Apple sold 11.12 million iPads and a record-breaking number of Mac computers in the last quarter, though its revenue and net profit failed to reach Wall Street analyst estimates, sending shares tumbling overnight.
In a rare occurrence for one of the world’s most successful brands, its revenue for the quarter ended September 24 fell short of expectations. Revenue totalled US$28.27 billion, less than the expected US$29.69 billion, according to Thomson Reuters.
Net profit for the quarter totalled US$6.62 billion, or US$7.05 per diluted share. Analysts had tipped the company would report earnings of US$7.39 per diluted share.

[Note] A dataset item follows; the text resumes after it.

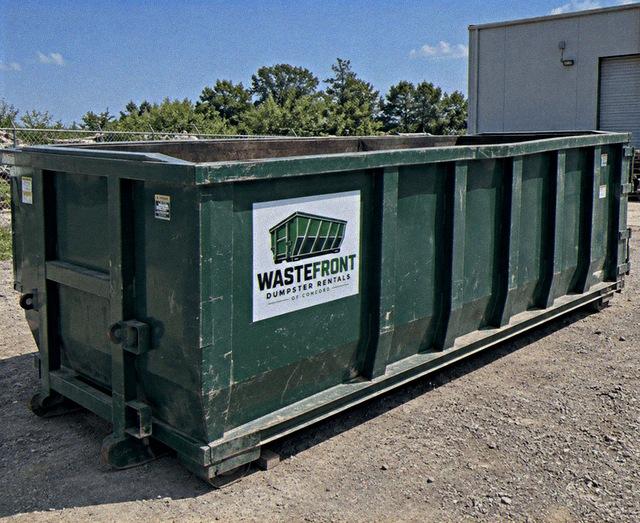 Green open-top container waiting on a gravel lot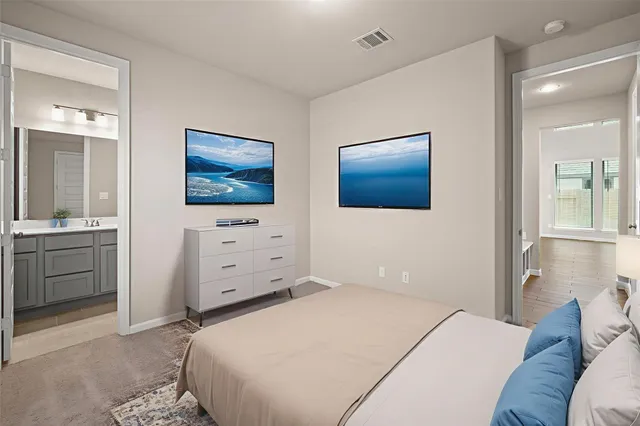 a bedroom with a bed and a cabinets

The news sent the value of Apple shares falling around 6 percent overnight.
Results for Apple’s iPhone also missed the mark, with the company selling 17.07 million devices in the quarter, short of the 20 million analysts expected.

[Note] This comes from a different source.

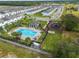 Community pool with a gazebo, lounge chairs, and playground nearby at 397 Madison Dr, Davenport, FL 33837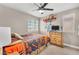 Bedroom featuring neutral walls, carpet flooring, a ceiling fan, and a window at 4822 Jade Ridge St, North Las Vegas, NV 89081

Gross margin was 40.3 percent compared to 36.9 percent in the year-ago quarter and international sales accounted for 63 percent of the company’s revenue.
Apple sold 4.89 million Macs during the quarter, 26 percent more than the year-ago quarter, and 6.62 million iPods, a 27 percent decline from the year-ago quarter.
Despite missing analyst expectations, Apple CFO Peter Oppenheimer said the company is “extremely pleased” with its “record September quarter revenue and earnings and with cash generation of $5.4 billion during the quarter.”
CEO Tim Cook said he’s happy with the response to the iPhone 4S, which broke first weekend sales records after 4 million devices were sold last weekend.
“Customer response to iPhone 4S has been fantastic, we have strong momentum going into the holiday season, and we remain really enthusiastic about our product pipeline.”
Oppenheimer said Apple expects December quarter earnings of $9.30 a share on revenue of about $37 billion.